On the right of Doctor Mudd sits a soldier, who is striving to look through his legs at the judge-advocate, as if taking a sort of secret aim at that person, with the intent to fetch him down, because he makes the trial so very dry, and the soldier so very thirsty.
The last man, who sits on the extreme right of the prisoners, is Mr. Sam. Arnold. He is, perhaps, the best looking of the prisoners, and the least implicated. He has a solid, pleasant face; has been a rebel soldier, foolishly committed himself to Booth, with perhaps no intention to do a crime, recanted in pen and ink, and was made a national character. Had he recanted by word of mouth he might have saved himself unpleasant dreams. This shows everybody the absurdity of writing what they can so easily say. The best thing Arnold ever wrote was his letter to Booth refusing to engage in murder. Yet this recantation is more in evidence against than then his original purpose.
Arnold looks out of the window, and feels easy.
The reporters who are present are generally young fellows, practical and ardent, like Woods, of Boston; Colburn, of THE WORLD; and Major Poore, who has been the chronicler of such scenes for twenty years. Ber. Pitman, one of the authors of phonetic writing, is among the official reporters, and the Murphies, who could report the lightning, if it could talk, are slashing down history as it passes in at their ears and runs out at their fingers' ends.
The counsel for the accused strike me as being commonplace lawyers. They either have no chance or no pluck to assert the dignity of their profession. Reverdy Johnson is not here. The first day disgusted him, as he is a practitioner of law. Yet the best word of the trial has been his:
"I, gentlemen, am a member of that body of legislators which creates courts-martial and major-generals!"

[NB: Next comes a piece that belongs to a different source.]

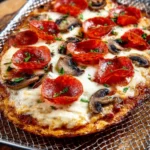 Air Fryer Pizza First Image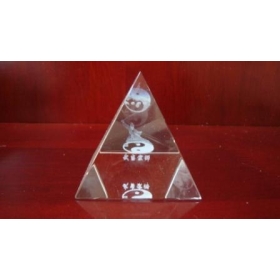 triangular pyramid crystal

The commission has collectively an imposing appearance: the face of Judge Holt is swarthy; he questions with slow utterance, holding the witness in his cold, measuring eye. Hunter, who sits at the opposite end of the table, shuts his eyes now and then, either to sleep or think, or both, and the other generals take a note or two, and watch for occasions to distinguish themselves.
Excepting Judge Holt, the court has shown as little ability as could be expected from soldiers, placed in unenviable publicity, and upon a duty for which they are disqualified, both by education and acumen. Witness the lack of dignity in Hunter, who opened the court by a coarse allusion to "humbug chivalry;" of Lew. Wallace, whose heat and intolerance were appropriately urged in the most exceptional English; of Howe, whose tirade against the rebel General Johnson was feeble as it was ungenerous! This court was needed to show us at least the petty tyranny of martial law and the pettiness of martial jurists. The counsel for the defence have just enough show to make the unfairness of the trial partake of hypocrisy, and the wideness of the subjects discussed makes one imagine that the object of the commission is to write a cyclopedia, and not to hang or acquit six or eight miserable wretches.